Task directions:
Wherever pictures appear in the listing below, leave them out, and copy exactly, and only, everything from the line with "Tactical Pro Supply" down to the line with "Silicone Wood Handle".

Material provided:
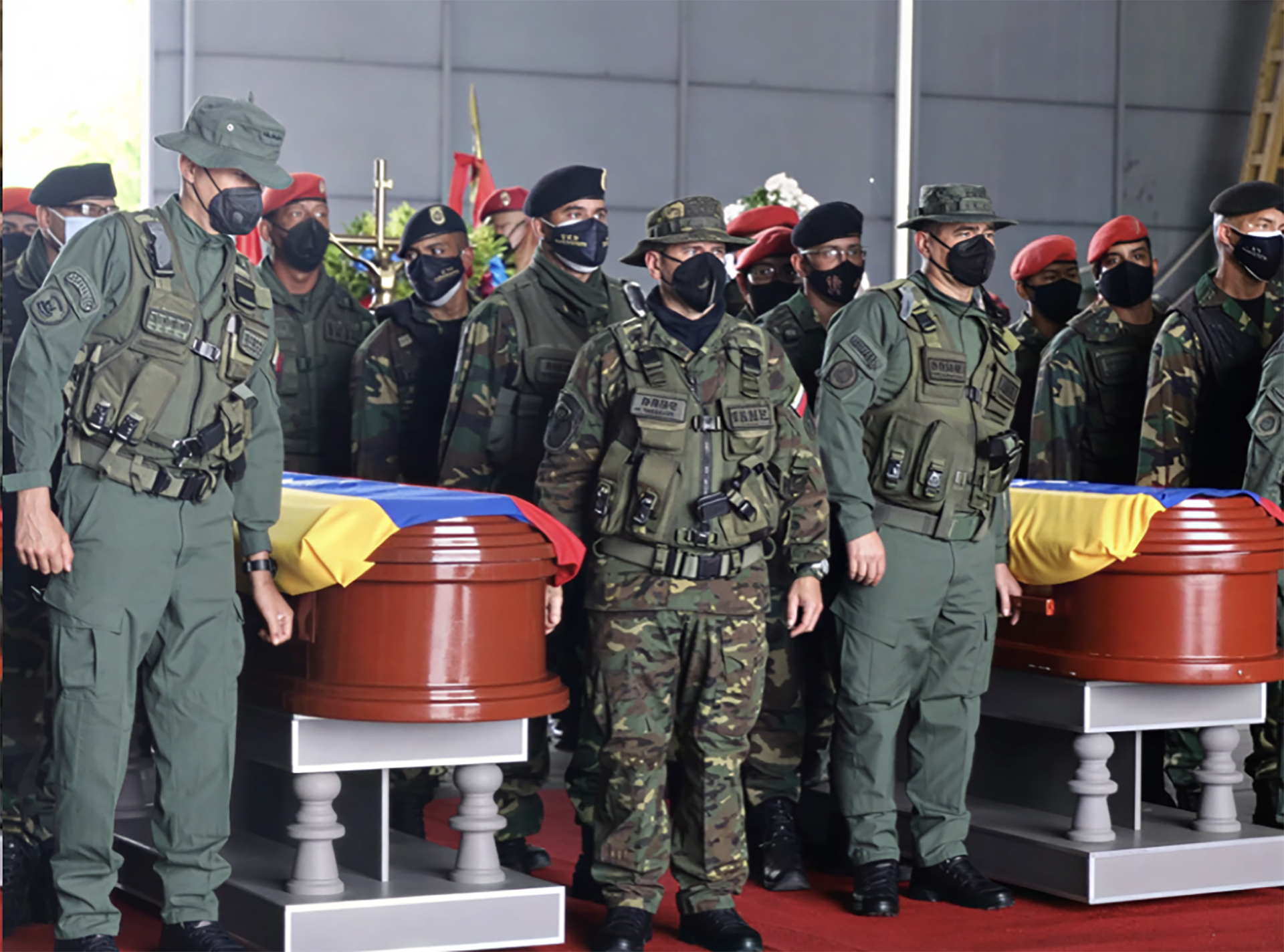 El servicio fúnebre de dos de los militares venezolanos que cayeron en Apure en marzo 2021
==
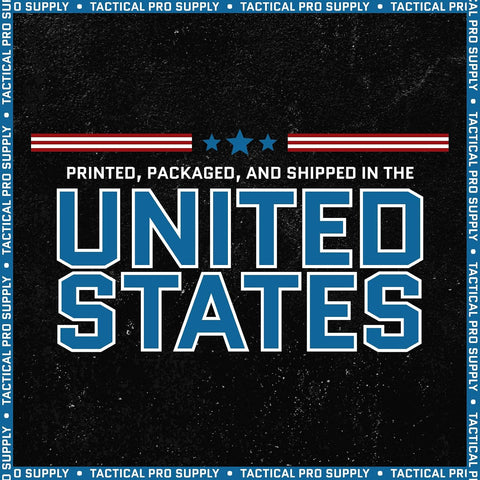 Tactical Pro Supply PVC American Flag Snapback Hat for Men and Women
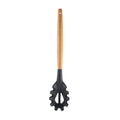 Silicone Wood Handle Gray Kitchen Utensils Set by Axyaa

Output of the task:
 Tactical Pro Supply PVC American Flag Snapback Hat for Men and Women
 Silicone Wood Handle Gray Kitchen Utensils Set by Axyaa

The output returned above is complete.